### The task
When copying the data below, keep only the lines from the one with "Personalized Monogram Notepad" through the one with "iWALK/爱沃可 30W快充 充电宝", word for word, and skip the pictures.

-- Exercise materials follows --

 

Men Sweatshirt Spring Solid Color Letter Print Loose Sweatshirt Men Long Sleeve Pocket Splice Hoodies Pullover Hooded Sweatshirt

-- Exercise materials concluded --
-- Exercise materials follows --

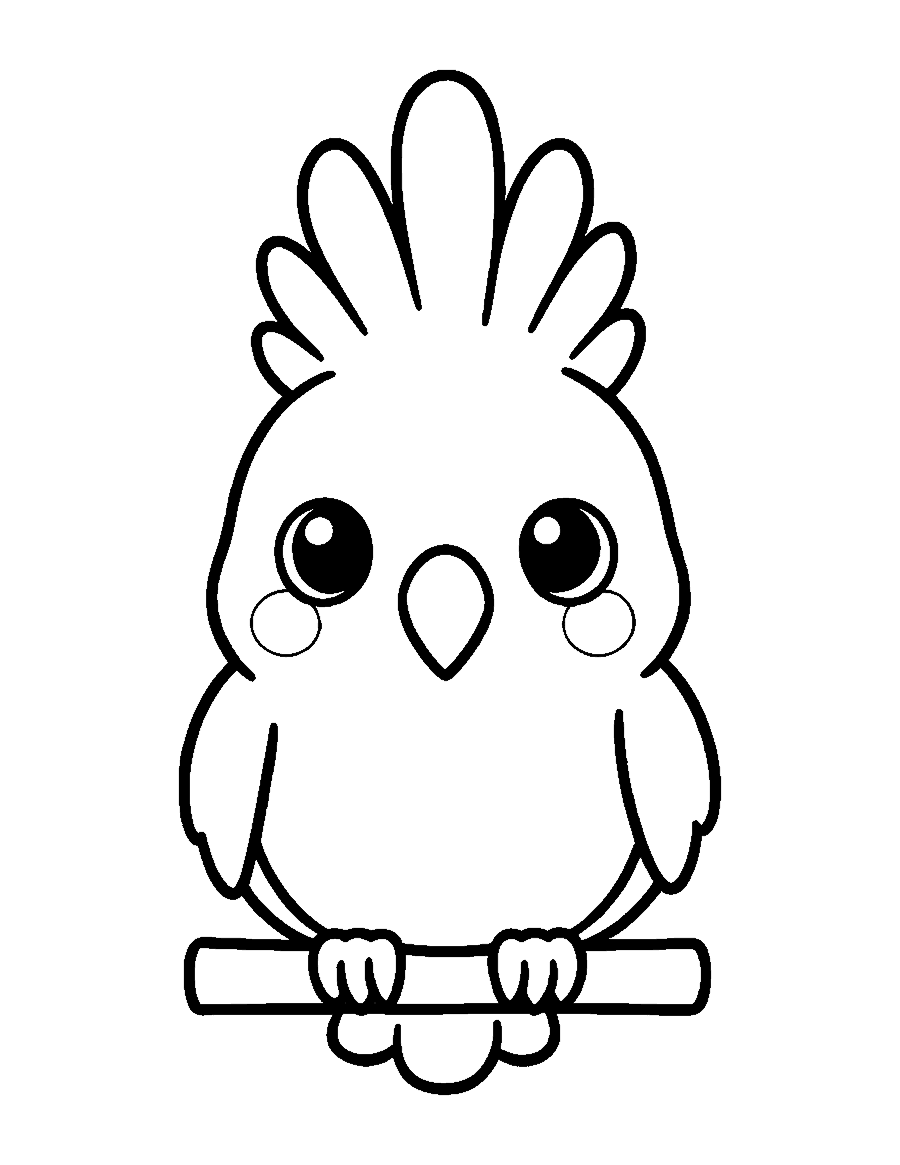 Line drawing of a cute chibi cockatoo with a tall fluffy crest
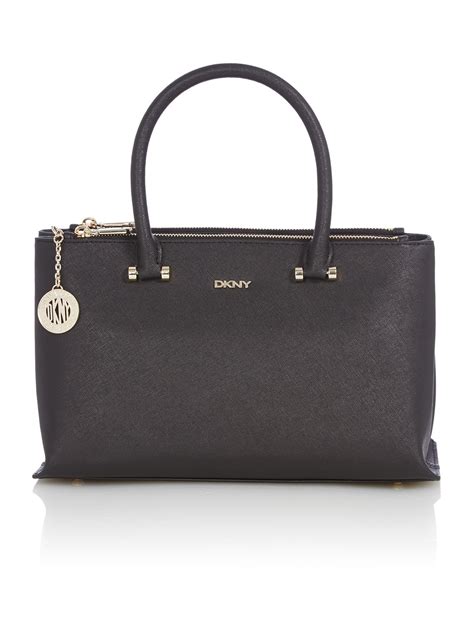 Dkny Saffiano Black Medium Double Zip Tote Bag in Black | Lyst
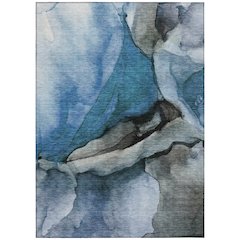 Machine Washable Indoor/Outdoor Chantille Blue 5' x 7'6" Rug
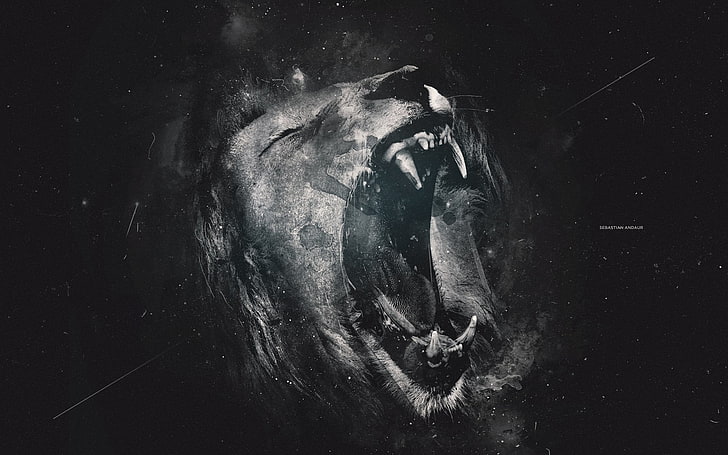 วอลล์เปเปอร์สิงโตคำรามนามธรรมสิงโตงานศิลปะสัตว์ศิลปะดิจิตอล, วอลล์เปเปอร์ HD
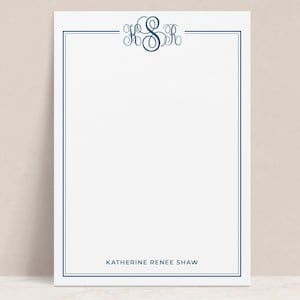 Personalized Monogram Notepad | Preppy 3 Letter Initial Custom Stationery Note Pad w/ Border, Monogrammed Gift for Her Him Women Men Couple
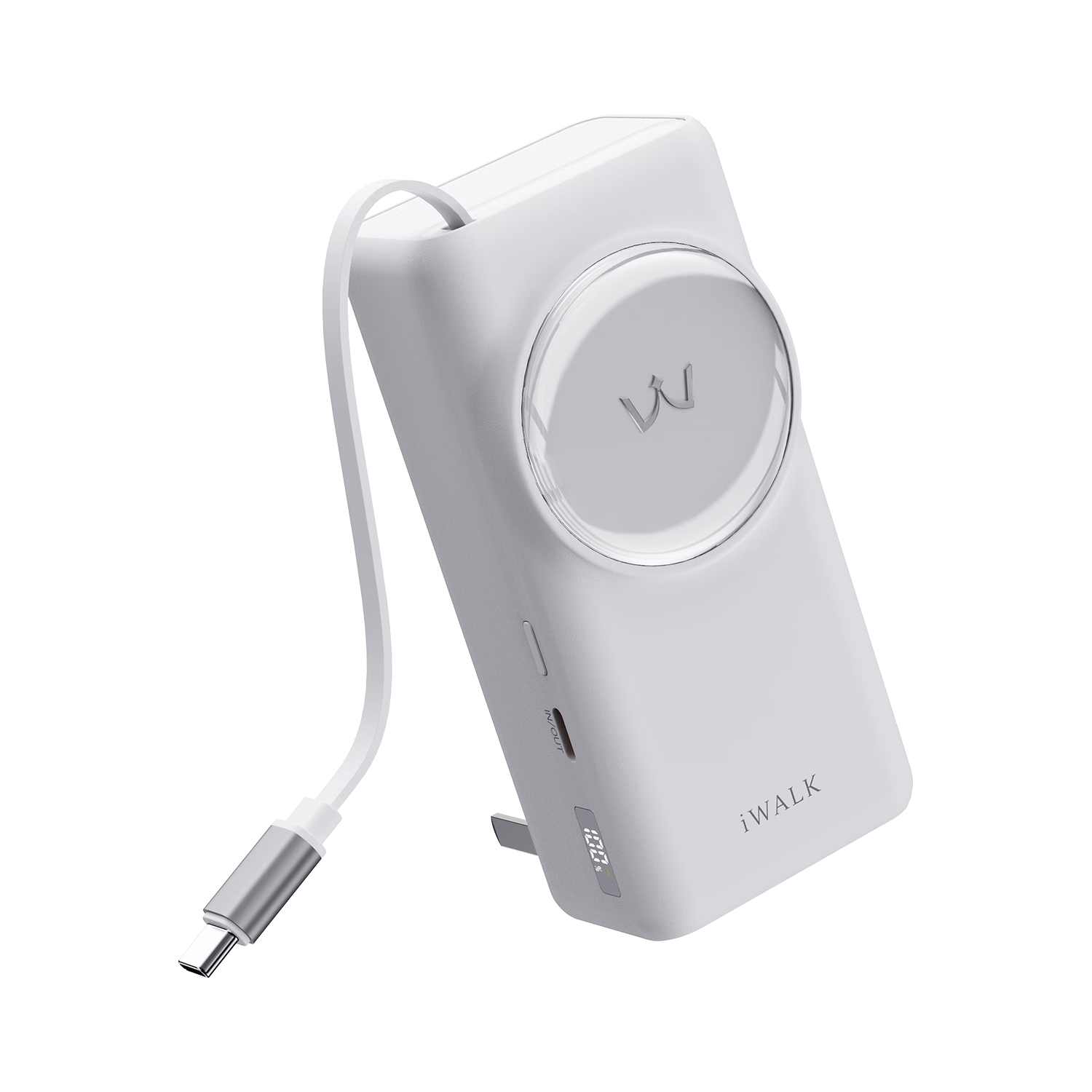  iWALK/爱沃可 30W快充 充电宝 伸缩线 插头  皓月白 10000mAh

-- Exercise materials concluded --
-- Exercise materials follows --

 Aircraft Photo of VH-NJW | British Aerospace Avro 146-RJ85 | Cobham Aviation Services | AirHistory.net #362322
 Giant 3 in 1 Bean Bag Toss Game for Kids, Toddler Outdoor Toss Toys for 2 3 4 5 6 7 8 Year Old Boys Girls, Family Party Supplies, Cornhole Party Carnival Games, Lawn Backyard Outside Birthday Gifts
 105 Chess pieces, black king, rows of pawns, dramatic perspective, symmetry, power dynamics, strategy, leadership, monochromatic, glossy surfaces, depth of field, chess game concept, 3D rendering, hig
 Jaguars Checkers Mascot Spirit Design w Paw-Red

-- Exercise materials concluded --

### Result
 Personalized Monogram Notepad | Preppy 3 Letter Initial Custom Stationery Note Pad w/ Border, Monogrammed Gift for Her Him Women Men Couple
  iWALK/爱沃可 30W快充 充电宝 伸缩线 插头  皓月白 10000mAh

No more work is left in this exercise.